At Google, software testing is part of a centralized organization called Engineering Productivity that spans the developer and tester tool chain, release engineering, and testing from the unit level all the way to exploratory testing. There are a great deal of shared tools and test infrastructure for web properties such as search, ads, apps, YouTube, and everything else we do on the Web. Google has solved many of the problems of speed and scale and this enables us, despite being a large company, to release software at the pace of a start-up. As Patrick Copeland pointed out in his preface to this book, much of this magic has its roots in the test team.
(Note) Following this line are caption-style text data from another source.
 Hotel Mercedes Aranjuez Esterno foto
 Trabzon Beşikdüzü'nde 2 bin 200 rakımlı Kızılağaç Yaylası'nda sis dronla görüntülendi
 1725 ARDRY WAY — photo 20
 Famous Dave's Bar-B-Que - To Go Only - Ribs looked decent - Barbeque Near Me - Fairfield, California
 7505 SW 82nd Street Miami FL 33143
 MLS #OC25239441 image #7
When Chrome OS released in December 2010 and leadership was successfully passed to one of my directs, I began getting more heavily involved in other products. That was the beginning of this book, and I tested the waters by writing the first blog post,1 “How Google Tests Software,” and the rest is history. Six months later, the book was done and I wish I had not waited so long to write it. I learned more about testing at Google in the last six months than I did my entire first two years, and Nooglers are now reading this book as part of their orientation.
This isn’t the only book about how a big company tests software. I was at Microsoft when Alan Page, BJ Rollison, and Ken Johnston wrote How We Test Software at Microsoft and lived first-hand many of the things they wrote about in that book. Microsoft was on top of the testing world. It had elevated test to a place of honor among the software engineering elite. Microsoft testers were the most sought after conference speakers. Its first director of test, Roger Sherman, attracted test-minded talent from all over the globe to Redmond, Washington. It was a golden age for software testing.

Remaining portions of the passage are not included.